From its inception the corporation prospered. It began operations with a working capital of $87,900, of which $50,000 was cash. By the opening of the 1949 fiscal year its working capital had increased to $235,435.56, of which $209,203.01 was cash, and it had accumulated a surplus of $207,801.52. Its net income for that year was $89,803.78, before Federal income taxes, and $55,744.82 thereafter. Consequently, at year’s end, its working capital was $291,695.41, cash on hand was $263,648.86, and accumulated surplus was $263,606.14. We are not convinced that the petitioner corporation had any need at the end of that fiscal year ended March 31, 1949, for the further accumulation of surplus. It seems to us that its failure to distribute any part of its net profits for that year in dividends and the addition of $55,-744.82 to its already large earned surplus was accumulating its earnings and profits beyond the reasonable needs of the business. Therefore, under section 102 (c), this is determinative of the corporation’s purpose to avoid surtax upon its shareholders unless the corporation by the clear preponderance of the evidence shall prove to the contrary. We do not think that the corporation by a clear preponderance of the evidence has proved to the contrary.
We have endeavored to give full findings of fact on this section 102 issue and we do not deem it necessary to repeat them here. Petitioner has advanced a variety of reasons in an effort to prove that such accumulations were not beyond the reasonable' needs of its business. However, after a careful consideration of petitioner’s contentions, in light of all the circumstances involved, we have found that petitioner has failed to prove that its accumulations for the year ended March 31, 1949, were reasonably needed in its business, Latchis Theatres of Keene, Inc., 19 T. C. 1054, and that the unreasonable accumulations were to no extent, World Pub. Co. v. United States, supra, for the prohibited purpose. Helvering v. National Grocery Co., supra.
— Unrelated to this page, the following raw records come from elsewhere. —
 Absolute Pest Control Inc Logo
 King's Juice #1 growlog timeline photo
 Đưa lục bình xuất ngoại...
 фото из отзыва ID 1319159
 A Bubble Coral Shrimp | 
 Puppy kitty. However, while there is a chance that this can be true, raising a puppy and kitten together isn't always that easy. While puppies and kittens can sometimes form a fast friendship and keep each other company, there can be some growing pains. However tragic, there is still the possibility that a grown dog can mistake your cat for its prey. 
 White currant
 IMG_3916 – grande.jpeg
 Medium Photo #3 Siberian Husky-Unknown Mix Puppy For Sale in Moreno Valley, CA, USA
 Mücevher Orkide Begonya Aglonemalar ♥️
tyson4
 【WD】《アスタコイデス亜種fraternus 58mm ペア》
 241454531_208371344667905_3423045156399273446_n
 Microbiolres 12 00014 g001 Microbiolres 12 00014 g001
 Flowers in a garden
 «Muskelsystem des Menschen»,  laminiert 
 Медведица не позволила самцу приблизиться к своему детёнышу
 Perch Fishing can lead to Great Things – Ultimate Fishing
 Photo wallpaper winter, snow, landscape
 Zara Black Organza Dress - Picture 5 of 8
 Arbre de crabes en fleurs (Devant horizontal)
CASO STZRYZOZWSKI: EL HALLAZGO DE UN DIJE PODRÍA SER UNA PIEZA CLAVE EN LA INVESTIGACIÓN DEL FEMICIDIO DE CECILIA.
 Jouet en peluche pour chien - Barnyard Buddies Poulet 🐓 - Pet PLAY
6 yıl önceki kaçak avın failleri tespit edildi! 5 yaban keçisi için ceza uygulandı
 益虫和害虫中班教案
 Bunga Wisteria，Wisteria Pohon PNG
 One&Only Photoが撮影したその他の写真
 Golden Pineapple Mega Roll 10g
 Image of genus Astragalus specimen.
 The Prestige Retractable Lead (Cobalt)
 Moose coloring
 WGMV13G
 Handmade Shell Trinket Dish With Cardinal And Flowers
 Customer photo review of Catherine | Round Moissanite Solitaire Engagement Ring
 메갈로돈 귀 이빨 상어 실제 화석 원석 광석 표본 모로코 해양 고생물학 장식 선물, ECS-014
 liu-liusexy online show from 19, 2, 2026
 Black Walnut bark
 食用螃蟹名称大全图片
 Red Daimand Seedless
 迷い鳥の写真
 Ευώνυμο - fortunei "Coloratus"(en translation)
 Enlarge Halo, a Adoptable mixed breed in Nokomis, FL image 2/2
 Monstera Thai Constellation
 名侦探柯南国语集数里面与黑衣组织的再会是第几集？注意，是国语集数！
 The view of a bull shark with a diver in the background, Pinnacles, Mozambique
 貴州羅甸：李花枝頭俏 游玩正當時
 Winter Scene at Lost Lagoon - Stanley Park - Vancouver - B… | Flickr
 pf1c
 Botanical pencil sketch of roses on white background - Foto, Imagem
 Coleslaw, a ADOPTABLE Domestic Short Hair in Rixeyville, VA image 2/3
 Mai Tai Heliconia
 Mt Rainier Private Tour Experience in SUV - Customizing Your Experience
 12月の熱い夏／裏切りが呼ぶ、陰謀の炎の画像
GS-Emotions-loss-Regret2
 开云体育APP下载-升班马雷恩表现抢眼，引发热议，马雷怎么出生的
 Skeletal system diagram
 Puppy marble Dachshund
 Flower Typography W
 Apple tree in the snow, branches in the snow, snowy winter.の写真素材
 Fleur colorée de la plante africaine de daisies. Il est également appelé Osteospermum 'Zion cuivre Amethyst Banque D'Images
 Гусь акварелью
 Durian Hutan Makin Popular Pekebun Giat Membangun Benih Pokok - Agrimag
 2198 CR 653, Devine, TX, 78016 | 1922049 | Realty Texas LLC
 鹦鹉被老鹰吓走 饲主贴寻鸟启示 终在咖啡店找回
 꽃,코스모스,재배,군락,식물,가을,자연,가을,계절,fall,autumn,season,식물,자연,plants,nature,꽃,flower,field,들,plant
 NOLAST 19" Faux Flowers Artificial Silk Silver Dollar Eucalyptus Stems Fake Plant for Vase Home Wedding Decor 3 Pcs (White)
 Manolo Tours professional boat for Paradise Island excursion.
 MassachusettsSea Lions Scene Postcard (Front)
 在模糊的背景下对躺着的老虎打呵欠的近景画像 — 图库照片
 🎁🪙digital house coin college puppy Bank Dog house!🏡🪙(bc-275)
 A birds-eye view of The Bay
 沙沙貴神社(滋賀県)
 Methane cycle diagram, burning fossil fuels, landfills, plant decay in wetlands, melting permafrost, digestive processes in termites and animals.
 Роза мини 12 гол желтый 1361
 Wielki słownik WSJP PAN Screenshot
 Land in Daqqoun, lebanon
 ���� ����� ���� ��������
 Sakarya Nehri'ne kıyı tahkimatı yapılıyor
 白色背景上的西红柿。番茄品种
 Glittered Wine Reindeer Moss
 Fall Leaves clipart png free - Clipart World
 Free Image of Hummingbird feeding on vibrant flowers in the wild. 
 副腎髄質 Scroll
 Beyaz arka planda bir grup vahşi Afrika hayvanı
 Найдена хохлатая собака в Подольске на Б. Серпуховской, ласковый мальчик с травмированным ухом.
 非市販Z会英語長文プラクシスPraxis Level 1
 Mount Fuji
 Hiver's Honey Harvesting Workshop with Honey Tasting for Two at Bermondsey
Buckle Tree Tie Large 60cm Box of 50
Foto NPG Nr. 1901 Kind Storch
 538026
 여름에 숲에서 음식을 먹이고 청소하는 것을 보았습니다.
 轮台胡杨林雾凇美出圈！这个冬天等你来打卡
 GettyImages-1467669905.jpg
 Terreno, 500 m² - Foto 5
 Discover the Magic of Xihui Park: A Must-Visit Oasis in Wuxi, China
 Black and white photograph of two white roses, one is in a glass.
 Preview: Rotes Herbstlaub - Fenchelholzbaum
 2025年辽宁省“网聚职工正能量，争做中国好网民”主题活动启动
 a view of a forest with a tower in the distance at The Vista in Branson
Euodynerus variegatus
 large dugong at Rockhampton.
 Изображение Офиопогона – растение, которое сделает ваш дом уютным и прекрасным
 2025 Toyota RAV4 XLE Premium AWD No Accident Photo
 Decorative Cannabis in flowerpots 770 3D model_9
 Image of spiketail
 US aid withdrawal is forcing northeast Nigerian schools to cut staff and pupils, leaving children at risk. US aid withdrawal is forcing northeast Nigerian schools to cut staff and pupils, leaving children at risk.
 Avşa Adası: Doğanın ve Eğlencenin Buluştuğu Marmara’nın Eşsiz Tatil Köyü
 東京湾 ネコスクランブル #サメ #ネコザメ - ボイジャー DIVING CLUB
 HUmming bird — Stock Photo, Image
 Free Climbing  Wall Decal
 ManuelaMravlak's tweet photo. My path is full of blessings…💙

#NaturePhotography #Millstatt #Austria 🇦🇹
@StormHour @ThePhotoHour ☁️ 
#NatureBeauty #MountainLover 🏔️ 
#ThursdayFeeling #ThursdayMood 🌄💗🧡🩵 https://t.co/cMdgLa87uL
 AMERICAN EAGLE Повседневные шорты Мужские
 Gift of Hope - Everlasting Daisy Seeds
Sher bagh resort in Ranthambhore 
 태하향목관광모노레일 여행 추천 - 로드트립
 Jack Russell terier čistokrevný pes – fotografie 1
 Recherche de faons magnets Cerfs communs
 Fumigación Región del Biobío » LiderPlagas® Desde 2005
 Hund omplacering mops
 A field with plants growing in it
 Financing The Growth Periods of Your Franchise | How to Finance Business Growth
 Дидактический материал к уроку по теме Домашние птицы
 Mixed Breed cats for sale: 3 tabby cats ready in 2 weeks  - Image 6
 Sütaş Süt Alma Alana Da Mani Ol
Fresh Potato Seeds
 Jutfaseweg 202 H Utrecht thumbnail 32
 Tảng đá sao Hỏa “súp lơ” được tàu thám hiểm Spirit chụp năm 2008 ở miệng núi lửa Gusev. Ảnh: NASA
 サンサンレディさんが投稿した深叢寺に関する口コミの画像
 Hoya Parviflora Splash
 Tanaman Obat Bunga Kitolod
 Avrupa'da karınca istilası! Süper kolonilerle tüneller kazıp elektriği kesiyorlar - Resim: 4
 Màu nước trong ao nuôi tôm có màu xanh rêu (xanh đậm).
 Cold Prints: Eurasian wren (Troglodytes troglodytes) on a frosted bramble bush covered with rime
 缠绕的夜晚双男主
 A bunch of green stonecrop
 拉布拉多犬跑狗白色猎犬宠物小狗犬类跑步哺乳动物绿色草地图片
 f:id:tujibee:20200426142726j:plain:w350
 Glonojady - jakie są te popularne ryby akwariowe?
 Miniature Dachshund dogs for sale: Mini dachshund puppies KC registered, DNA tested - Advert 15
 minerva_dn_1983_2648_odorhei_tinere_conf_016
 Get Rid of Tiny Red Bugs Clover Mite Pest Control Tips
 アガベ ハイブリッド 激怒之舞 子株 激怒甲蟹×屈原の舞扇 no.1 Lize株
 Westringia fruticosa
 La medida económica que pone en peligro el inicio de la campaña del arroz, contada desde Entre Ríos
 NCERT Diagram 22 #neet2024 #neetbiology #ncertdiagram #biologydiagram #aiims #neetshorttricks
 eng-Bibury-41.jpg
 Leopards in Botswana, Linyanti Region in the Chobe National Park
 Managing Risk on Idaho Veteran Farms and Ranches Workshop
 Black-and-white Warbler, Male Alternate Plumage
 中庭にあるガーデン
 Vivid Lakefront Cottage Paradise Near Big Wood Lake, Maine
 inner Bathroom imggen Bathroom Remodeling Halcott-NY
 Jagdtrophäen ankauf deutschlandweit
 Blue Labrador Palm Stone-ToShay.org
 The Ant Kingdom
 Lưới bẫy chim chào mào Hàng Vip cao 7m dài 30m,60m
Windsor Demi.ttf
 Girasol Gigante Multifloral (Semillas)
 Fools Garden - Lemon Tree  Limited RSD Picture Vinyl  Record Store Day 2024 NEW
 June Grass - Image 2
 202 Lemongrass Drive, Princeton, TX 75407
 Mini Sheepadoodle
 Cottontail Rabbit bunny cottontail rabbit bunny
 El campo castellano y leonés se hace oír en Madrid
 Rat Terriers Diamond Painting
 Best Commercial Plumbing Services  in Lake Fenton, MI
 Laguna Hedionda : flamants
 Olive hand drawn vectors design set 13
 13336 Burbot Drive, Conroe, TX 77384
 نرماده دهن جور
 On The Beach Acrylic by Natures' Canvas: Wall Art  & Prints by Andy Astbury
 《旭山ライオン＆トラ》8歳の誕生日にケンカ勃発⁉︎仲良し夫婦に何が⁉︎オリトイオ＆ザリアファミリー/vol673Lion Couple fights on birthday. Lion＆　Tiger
We think that the situation is different for the fiscal year which ended March 31, 1950. The corporation’s net income for that fiscal year was $114,175.35. Of this amount, it paid taxes to the Federal Government of $42,830.80, it declared and paid dividends of $52,680 to its stockholders, and it retained the remainder of its earnings for that year, something less than $20,000, adding it to earned surplus.
It was in this fiscal year that petitioner’s president, A1 Goodman, found himself in serious income tax difficulties, had to pay some $183,000 in income tax deficiencies and penalties, and was sent to Federal prison for his offense. There was certainly a period of uncertainty for the future of the corporation and its business at that time and when it is considered that it paid $42,380.40 to the Federal Government for taxes in that year and $52,680 in dividends to stockholders, we do not think that its addition to its surplus of the remainder of its earnings for that year, something less than $20,000, was an accumulation of its earnings beyond the reasonable needs of its business. Of course, as things turned out later, there was no apparent need for the accumulation because the ill effects of Al’s conviction for income tax evasion did not prove as serious to the business as might well have been expected. However, in passing judgment upon this section 102 issue for the fiscal year ended March 31,1950, we must take conditions as they were then and not as they proved to be later. This we have done, and we decide the section 102 issue for the fiscal year 1950 in petitioner’s favor.
One of the arguments which the Commissioner strongly urges for the application of the section 102 surtax to the corporation’s fiscal year 1950 was the $145,000 loan which the corporation made to A1 in November 1949. As indicated in our discussion relative to the first issue, the $145,000 loan to A1 furthered the corporation’s best interests since Al’s early return to the business was vital. In fact, petitioner derived interest income from the loan and A1 at all times intended, and had the resources, to repay the loan. The same intent and ability to repay was present in regard to the loans to Al and Ethel on open account. None of the loans, therefore, weakened petitioner’s financial position and they were not disguised dividends. Corporate Investment Co., 40 B. T. A. 1156. We do not think that the Commissioner’s imposition of the section 102 surtax for the fiscal year ended March 31, 1950, should be sustained. We so hold.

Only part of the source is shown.